Traditionally, there would only be a couple bridesmaids and groomsmen in a wedding, and this tends to still be the case in Great Britain. However, in the United States, the size of a bridal party can vary widely. Some may choose to have one honor attendant each or even forgo the custom altogether, while others may have over a dozen of their nearest and dearest standing alongside them on the big day. If you’re not sure whether you want to spread the love or keep things intimate, the below pros and cons on having a large wedding party may help you make your decision.
Photo by John Cain Photography
No need to exclude anyone. Younger brides and grooms seem especially drawn to large bridal parties, likely due to friendships from school that haven’t yet drifted apart over time. If you are very close with a team, sorority, or you just have a lot of sisters and want to include friends as well, not limiting yourself to an arbitrarily small number can help keep someone from feeling left out.
Getting more help with planning. Though it’s not quite right to expect help because you asked them to stand by your side on your big day, the odds of having someone offer their expertise or assistance goes up if there are more people in your bridal party. A team of friends could be especially helpful when it comes to pre-wedding events, so that one person doesn’t shoulder the burden of planning the events.

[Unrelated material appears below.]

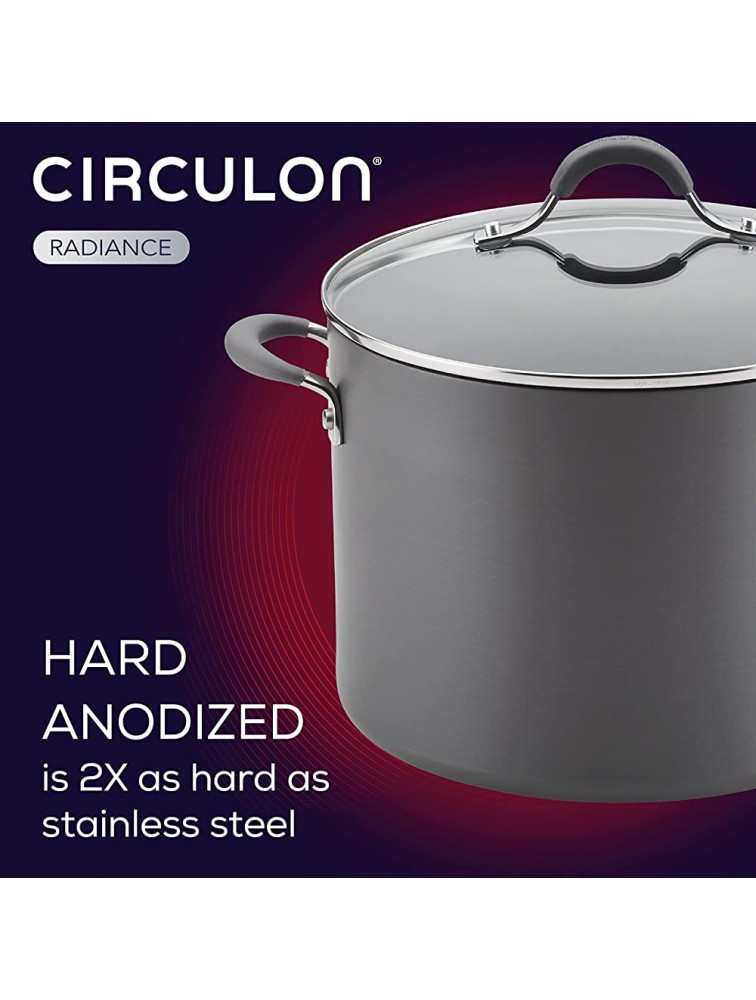 Circulon Radiance Hard Anodized Nonstick Stock Pot Stockpot with Lid 10 Quart Gray - B2ZAID0LY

Feeling the love and support. Whether it’s getting ready that morning or always having someone around to accompany you to a dress fitting, more attendants means more love.

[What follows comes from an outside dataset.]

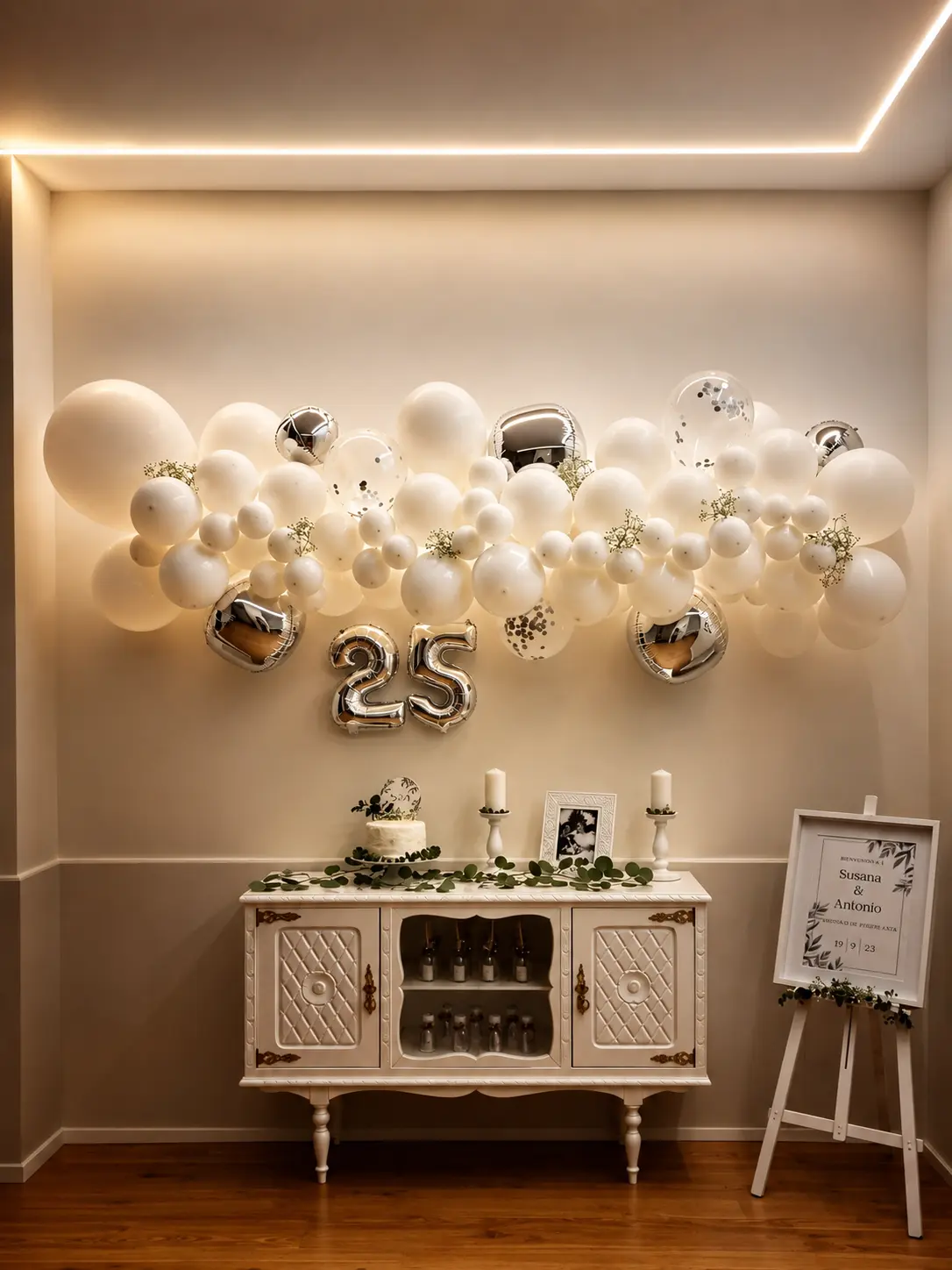 Detalhe do cenário de bodas de prata com balões número 25, bolo e velas sobre aparador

The cost can be high. Even if you are not paying for the attire for your bridesmaids or groomsmen, there is still the cost of bouquets, boutonnieres, hair and makeup, and gifts. Not to mention that a large wedding party means there will be more guests at the rehearsal dinner, especially if they have significant others.
It can be difficult to coordinate. Finding the right dress, even with a mismatched aesthetic, can only get more complicated with every new opinion added to the mix.
There are more opportunities for drama. Surely everybody you plan to include has a perfect attitude, but when you get a large group together – especially if they’re not part of the same social circle – the odds of growing tension and disagreements increase exponentially.